En route to Damascus, Saul made a life-changing
discovery: life did not center in his values and beliefs. Suddenly, Jesus took
on a whole new dimension, as the fire-breathing exponent of Jewish Legalism
recognized a new perspective!
No longer able to look upon humanity “according to the
flesh”, Saul discovered “God was in Christ, reconciling us to Himself” and he
became a new man. , Paul now found himself an ambassador for Christ (2
Corinthians 5:16; Romans 1:16-18).
In the cross of
Christ,
Saul of Tarsus
experienced resurrection and empowerment
to live a new
life.
“And I, “said Jesus, “if I be lifted up from the earth,
will draw all men to Myself” (John 12:32 NASV).
Death came to Jesus, “that men … should cease to live for themselves,”
and “live for him who for their sake died and was raised to life” (2
Corinthians 5:15 NEB).
Saul of Tarsus, a Hellenist Jew with a Pharisee’s
pedigree as long as his arm, experienced a metamorphosis in meeting Jesus. That
encounter transformed the arrogant Pharisee into a humble follower of Jesus,
the Christ, and Saul, the terrorist from Tarsus, became Paul, the Apostle of
Christ to the Gentiles.
The message of
the cross empowered the transformed Saul
to disengage
from racism, culturalism, and creedalism and
be
metamorphosed into Paul, the zealous Christian Apostle.
Through the cross, God empowered Jesus to overcome sin
and death through the resurrection and enable Christ‘s disciples to live like
Christ, or as “little Christ’s.
Paul consequently confessed, “For through the Law I died
to the Law, that I might live to God.” Thus, he reasoned, “I have been
crucified with Christ, and it is no longer I who live, but Christ lives in me;
and the life which I now live in the flesh I live by faith in the Son of God,
who loved me, and delivered Himself up for me” (Galatians 2:19-20, NASV).
Through the
cross
Saul found
power to become Paul,
a man with a
vision of hope for human potential.
Saul went into his spiritual cocoon a sinful worm;
Paul came out a grace-full butterfly, enjoying
G od’s
R ichest
A t
C hrist‘s
E xpense.
From then on, Paul regarded no person from a worldly
point of view; rather, he saw the cross of Christ as a divine invitation given
to all:
Beneath
the cross of Jesus [I] gladly take my stand
. . .
The
very dying form of One Who suffered there for me;
And
from my smitten heart with tears, Two wonders I confess--
The
wonders of His glorious love And my unworthiness.

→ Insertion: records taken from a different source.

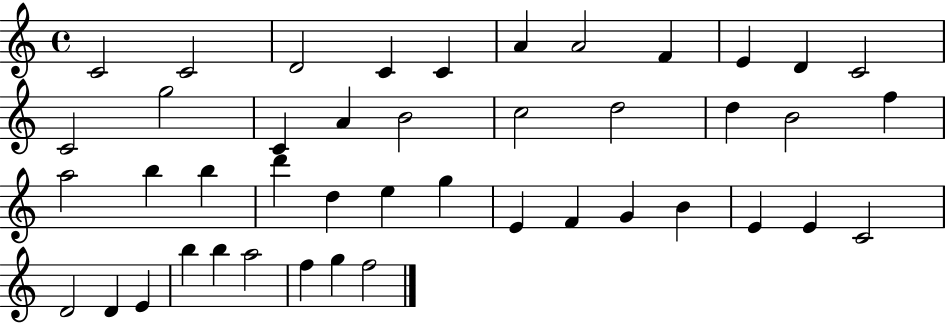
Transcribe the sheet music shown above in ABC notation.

X:1
T:Untitled
M:4/4
L:1/4
K:C
C2 C2 D2 C C A A2 F E D C2 C2 g2 C A B2 c2 d2 d B2 f a2 b b d' d e g E F G B E E C2 D2 D E b b a2 f g f2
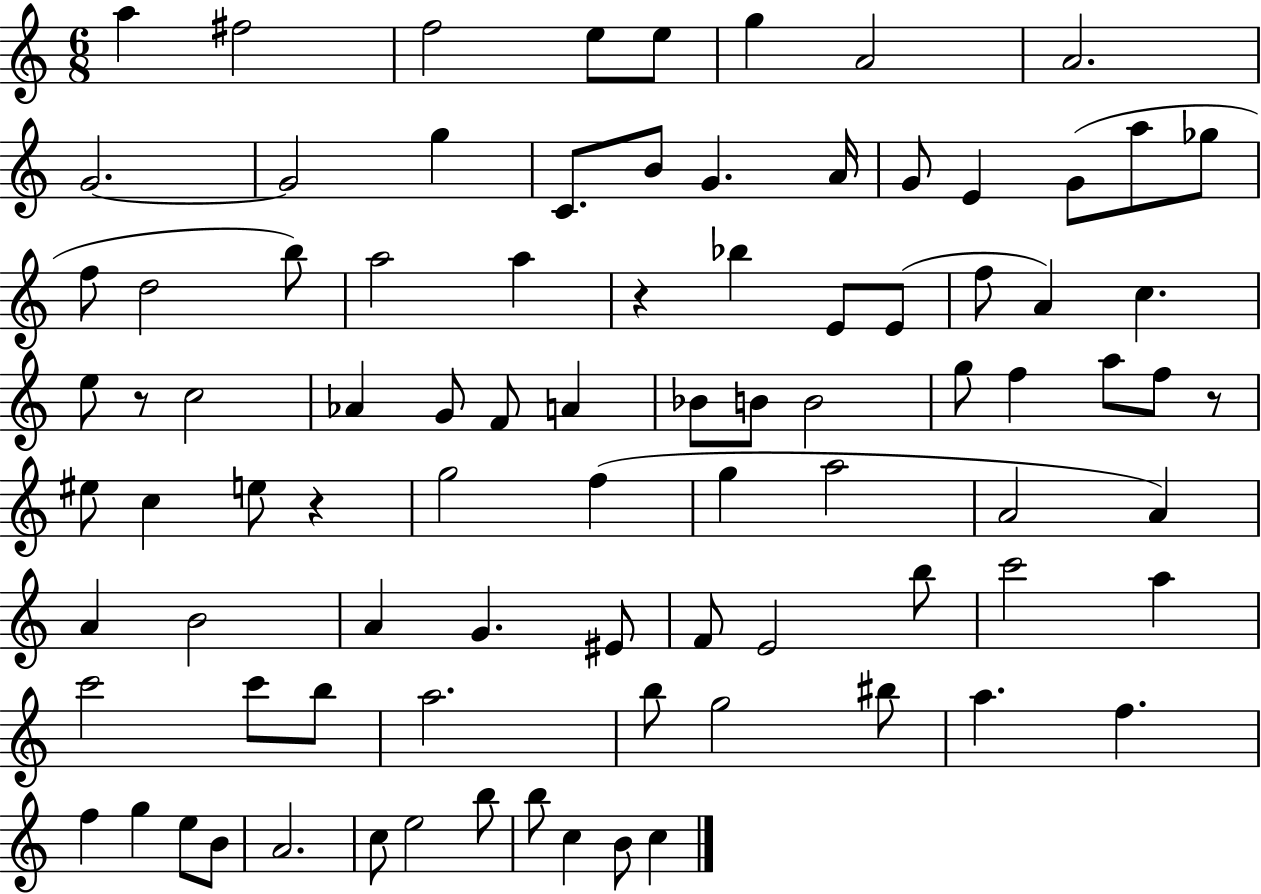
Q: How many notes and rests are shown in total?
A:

--Elizabeth C. Clephane, 1872
The church, concluded Dietrich Bonhoeffer, is “our hope
for the present and the future.” He followed in the wake of our Ancient Fathers
who said, “God [is] our Father, the Church our Mother, Jesus Christ our Lord,
[and] that is our Faith. Amen.”1
__________________________________________________________________
1
Mary Bosanquet, The Life And Death of Dietrich Bonhoeffer. (New York:
Harper & Row, Publishers, 1968), p. 65.